When I came back to the hotel, the boss was floating around, and I identified myself as VP of the LSS. Such is the way of things in a little place in the remote Highlands, he said that not only had he seen me come in at the airport, and also seen me with my camera in High Street, but the pilot of the plane had told him that some guy had got off the place and taken a photo of it (maybe he thought I was from HMRC, or BALPA!). I explained that I would be loading up the photos on to my own Facebook page, and also submitting them to the Law Society of Scotland Journal, so the more images I got, the better. I told him of my mission to visit and consult with local solicitors, and the Society’s commitment to the whole of Scotland.
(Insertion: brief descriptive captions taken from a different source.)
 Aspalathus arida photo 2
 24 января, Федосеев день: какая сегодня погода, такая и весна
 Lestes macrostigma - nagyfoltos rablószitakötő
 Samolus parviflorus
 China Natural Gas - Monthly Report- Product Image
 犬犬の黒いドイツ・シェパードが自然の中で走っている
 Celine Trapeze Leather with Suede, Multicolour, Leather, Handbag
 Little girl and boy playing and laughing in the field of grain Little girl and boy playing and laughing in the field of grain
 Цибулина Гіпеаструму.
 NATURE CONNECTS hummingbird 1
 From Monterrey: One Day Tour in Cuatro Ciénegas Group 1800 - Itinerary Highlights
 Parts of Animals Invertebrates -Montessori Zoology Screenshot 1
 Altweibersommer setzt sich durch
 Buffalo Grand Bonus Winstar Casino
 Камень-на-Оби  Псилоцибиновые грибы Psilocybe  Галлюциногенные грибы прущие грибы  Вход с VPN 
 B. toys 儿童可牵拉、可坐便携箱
Purely in the interests of local relations I went down to the hotel bar for a pint of beer – I know, I know, the sacrifice.
After a hearty Highland breakfast, I and the other guest speaker, Sarah Boyle of Edinburgh firm SKO Family Solicitors, were picked up and taken to Ackergill Tower, a superb country house and grounds outside Wick, where the historic main tower building also serves as a small luxury hotel and opera house. Our meeting was in, of all places, the wooden tree-house in the grounds, which was ideal for a small conference, although a bit like something from Lord of the Rings. Our only sadness was that Sarah and I had to get the only flight back down to Edinburgh, so missed lunch in the opulent dining room of the Tower – where the huge walk-in inglenook fireplace may be familiar to those who perhaps saw pictures of (amongst many other celebs) broadcaster Phil Schofield’s wedding which was celebrated there. The walls throughout are hung with paintings, animal horns, battle standards – hundreds of years of local and noble history all around.
Getting down to business, I talked to the Caithness Faculty solicitors about current Law Society of Scotland and solicitor issues – ABS, legal aid, conveyancing practice in the high street, the constitution – both to inform colleagues of what is happening, but also to hear their responses, opinions and wishes. I stressed that we are one profession and wish to support each other, with similar pressures and problems to confront. What I got from the solicitors was a recognition of the issues at hand, a determination to succeed, a wish to be kept entirely within the loop, and a demand in particular that the Society use all possible means – electronic and otherwise – to provide leadership, advice, response and CPD (especially CPD) as copiously as provided for more central areas. Our conference was geared up to take videoconferencing from other contributors later on in the day.
It was pointed out to me that solicitors in remote areas, especially Highlands and Islands areas, are expert in the most modern means of communication and information sharing – because they have to be, and they sometimes feel as if the Society is a little behind the pace on some occasions on these matters.
Sarah spoke expertly and engagingly on LGBT issues in family law, especially surrogacy and gay adoption, and in spite of these being slightly esoteric subjects for a small-town audience, she articulately tied them in to family law practice generally, so the audience was most interested in the whole talk.
I thoroughly enjoyed the trip and meeting colleagues, and there is no doubt that in spite of electronic means of communication, there is ultimately no substitute for being with people in real time and space. And as ever, there is always much more that joins us as solicitors than separates us.
And I got further north than I had ever been in my life so far.